C.5. Resulting CoT Dataset

The resulting CoT dataset consists of concise and deterministic rationales that: (i) are strictly grounded in the Pred image, (ii) align exactly with the oracle error labels, and (iii) follow the same priority-structured decision logic as the Judge Agent.

During training, these CoT traces are used only as supervised reasoning targets. They are not exposed to downstream Planner or Worker modules at inference time, preserving a clean separation between interpretable diagnosis and executable system actions.

Appendix D Bad Cases

👁 Refer to caption
Figure D.1. Representative bad cases under challenging road conditions. The examples illustrate scenarios with weak visual evidence, ambiguous lane topology, and large deviations in the initial predictions, where refinement remains difficult. Such cases reveal the practical limits of conservative correction and suggest directions for improving robustness in future work.
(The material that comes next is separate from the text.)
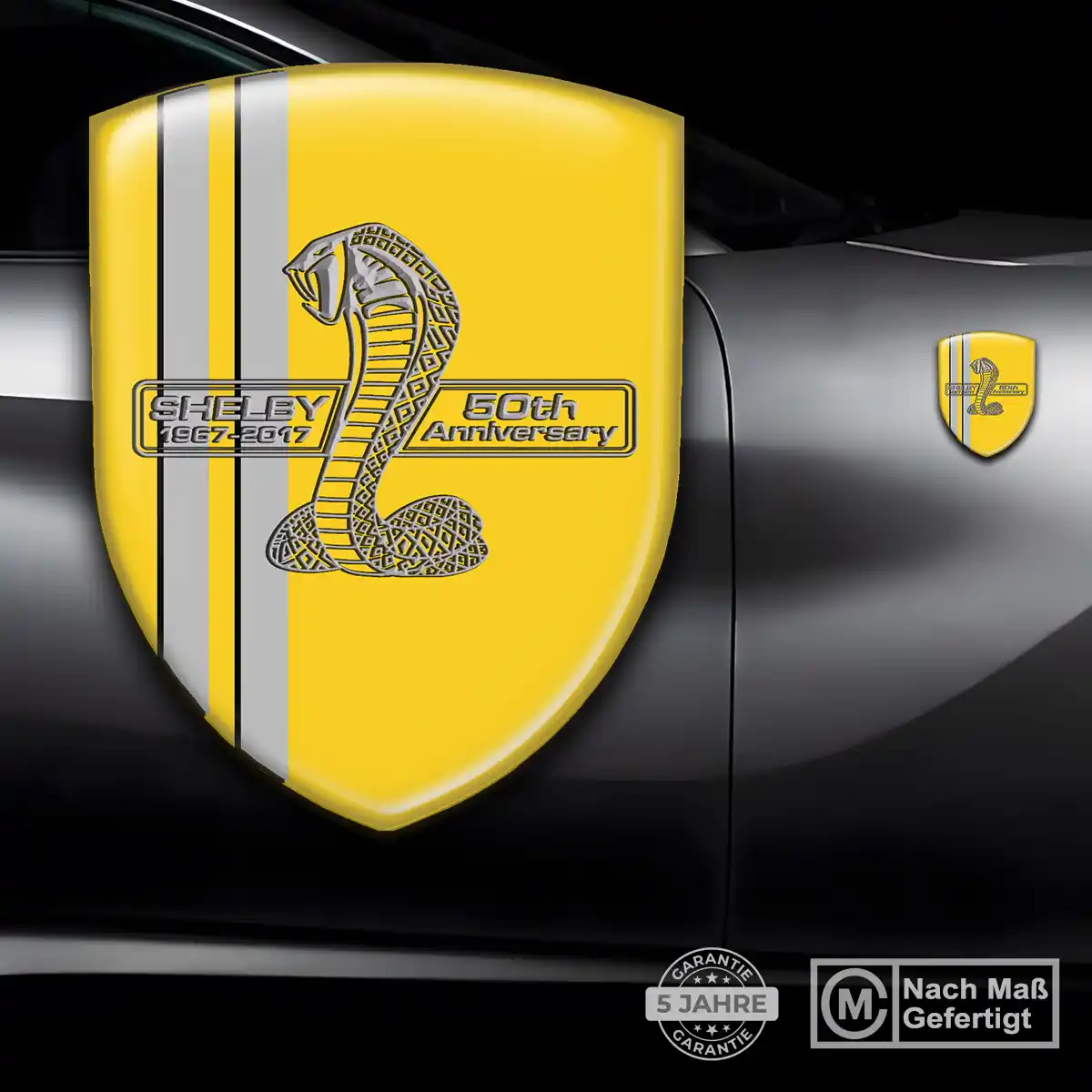 Ford Shelby Silikon Aufkleber Embleme Auto Stilvolles Design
Although MapAgent achieves strong overall performance, some challenging cases remain difficult. Figure D.1 shows representative failure cases where the scene contains weak lane evidence, severe shadows, local occlusions, or highly ambiguous topology. In such situations, the backbone predictions may already deviate substantially from the underlying lane layout, making reliable refinement more difficult. Since MapAgent is designed to apply conservative and tool-grounded edits, it tends to prioritize precision and structural consistency over aggressive topology rewriting. As a result, when the visual evidence is extremely limited or the initial prediction is severely corrupted, certain missing, shifted, or structurally inconsistent lane segments may still remain unresolved. These cases highlight an inherent limitation of refinement-based pipelines: the final quality still depends on both the recoverability of visual cues and the quality of the initial backbone prediction.

Appendix E Training-Time Prompt for Judge Supervision

To train the Judge Agent to produce priority-consistent quality assessments, we supervise it with the CoT dataset described in Section C. The generated rationales are used as reference reasoning traces, while the oracle error type and category provide structured supervision targets.
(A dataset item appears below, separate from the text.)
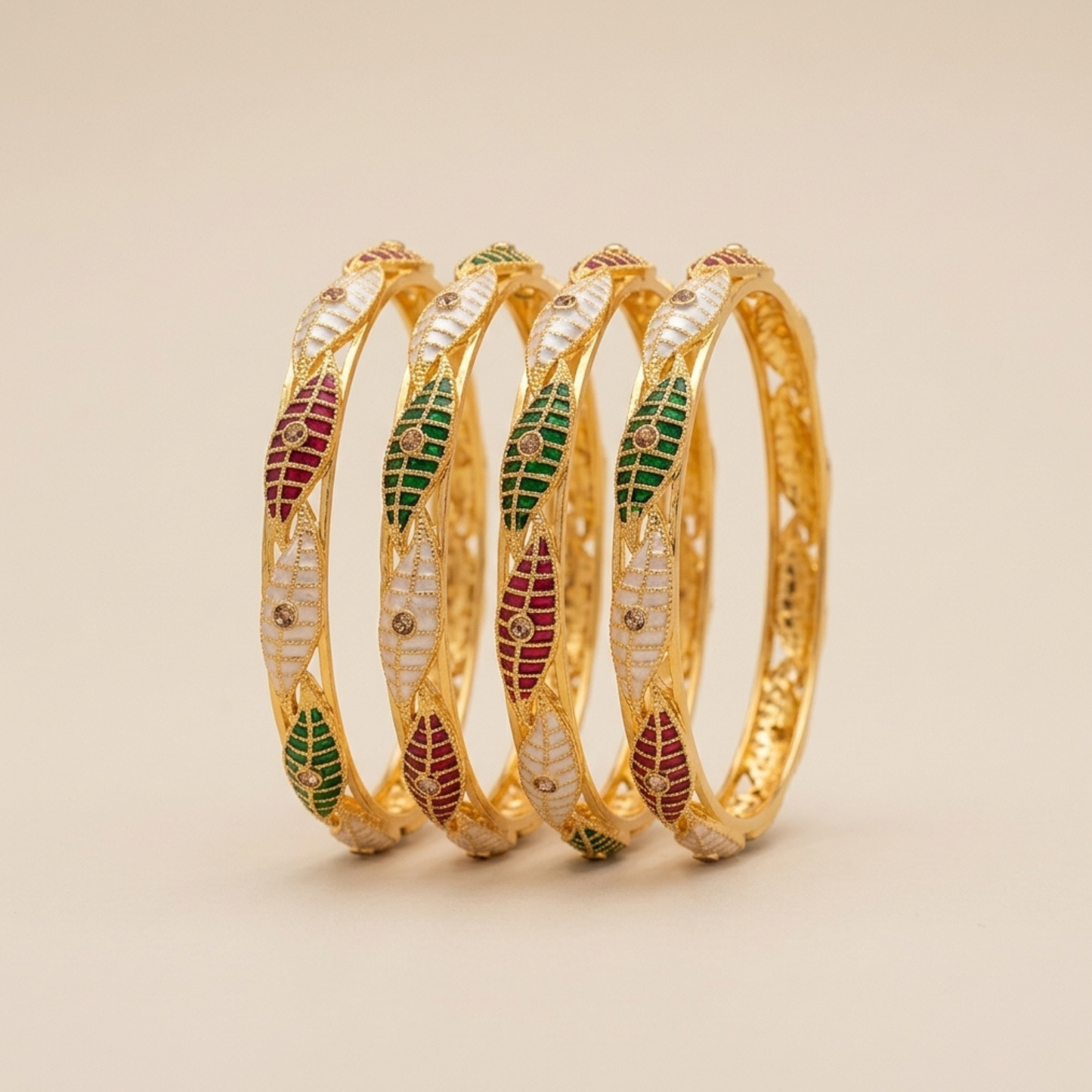 Elegant Aura Bangles ( Set of 4 )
The training prompt presents each predicted lane line as a red semi-transparent mask overlaid on the BEV image. The model is instructed to treat the mask as a prediction hypothesis and to base its judgment on observable road evidence, including painted markings, curbs, asphalt boundaries, lane continuity, and local topology. This design encourages the Judge to verify whether the predicted lane is visually and structurally supported, rather than relying on the mask appearance alone.

The prompt follows the same priority-constrained evaluation rule used by the Judge Agent. Once a higher-priority error is confirmed, all lower-priority checks are skipped. This short-circuit mechanism prevents mixed diagnoses and keeps the training target consistent with inference-time decision logic. For virtual lines, the prompt allows predictions that are topologically justified even without visible painted markings, and treats them as extra_lane_line only when no such justification exists.

The model is required to output a reasoning trace enclosed within <think> tags, followed by one final error type and a concise evidence summary. The reasoning trace is supervised by the generated CoT rationales, whereas the final error type and evidence summary are supervised by oracle annotations and reference explanations.